Yourofsky’s path to veganism began in his early 20s when he went behind the scenes at the Shrine Circus, where his stepfather is a clown. He saw three elephants chained to the floor, swaying neurotically from their imprisonment. He looked around and saw bears in yellow tutus and tights and other unnatural sights.
He said to his friend, “Let’s get the hell outta here.” Over the next few years he switched to a vegan lifestyle.
As a vegan, he is opposed to speciesism, which holds that humans have a right to do whatever they want to animals — whether to be eaten, or experimented on, or treated poorly.
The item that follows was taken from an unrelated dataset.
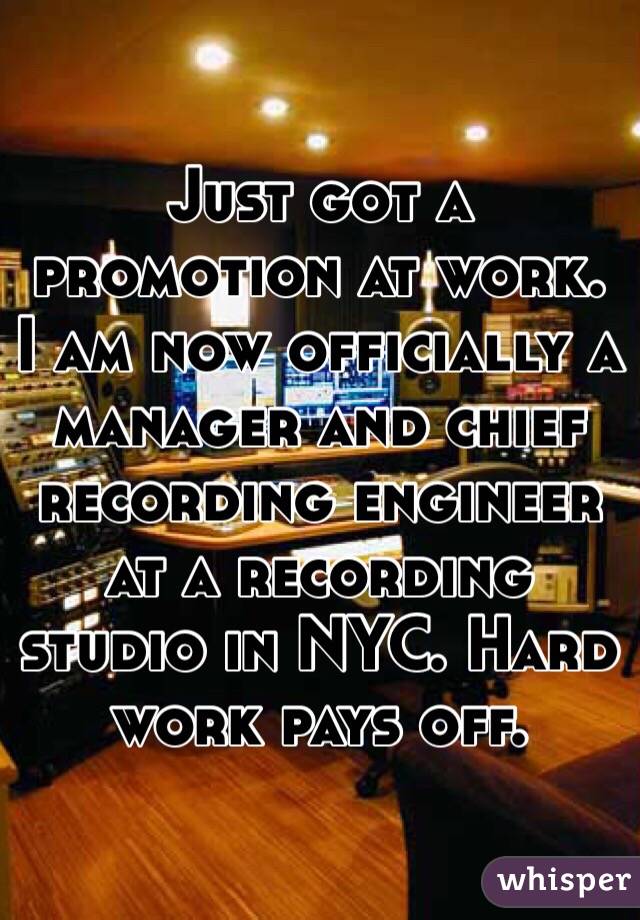 Just got a promotion at work. I am now officially a manager and chief recording engineer at a recording studio in NYC. Hard work pays off.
Yourofsky feels that animals have the right to live free; human enslavement of lower creatures, he said, is a form of social injustice.
On April 31, 1997, Yourofsky, with members of the Animal Liberation Front, released 1,542 minks from Ebert’s Fur Farm in Blenheim, Ontario. He spent 77 days in a Canadian prison for his efforts.
His contention is, why is it illegal to free tortured and enslaved animals, but legal to harvest animals for slaughter in the first place? Which is the greater crime? In Yourofsky’s mind, there is no question about this. Fighting for animal rights allows him to be able to look at himself in the mirror every day.
As for those who love a tasty piece of meat and are hooked, Yourofsky once loved meat as well. He thinks it is a murderous addiction, one based on cruelty for wanting a piece of flesh.
“But, sadly, heroin, cocaine and alcohol ain’t got shit on meat, cheese, milk and eggs,” said Yourofsky.
According to Yourofsky, 98-99 percent of all animal abuse occurs in the meat, dairy and egg industry. Also, it is an industry that uses up 70 percent of the U.S.’s crops that could be used to feed humans. Meat and dairy are subsidized by the government. Water is free to farmers, and cattle are allowed to graze on public land. It is about supply and demand. If people stop wanting these products, the cruelty would stop, too.
Yourofsky went on to say that humans find difficulty in digesting meat, and that it makes the blood acidic. To combat this, calcium is leached out of bones to correct the pH. Furthermore, many people are lactose intolerant. These are more reasons to veg it, and go whole grain, legumes, tofu and soy.
“How is soy gross? Blood, flesh, veins, muscles and tendons are gross,” said Yourofsky.
Yet at the heart of his argument, Yourofsky feels animals should be treated by the golden rule. Animals should be treated as humans are treated. He quoted clergyman William Inge as saying, “If animals formed a religion, humans would be depicted as the devil.”
Yourofsky sees hatred from every corner of society. This is his way to lift up those he sees as oppressed.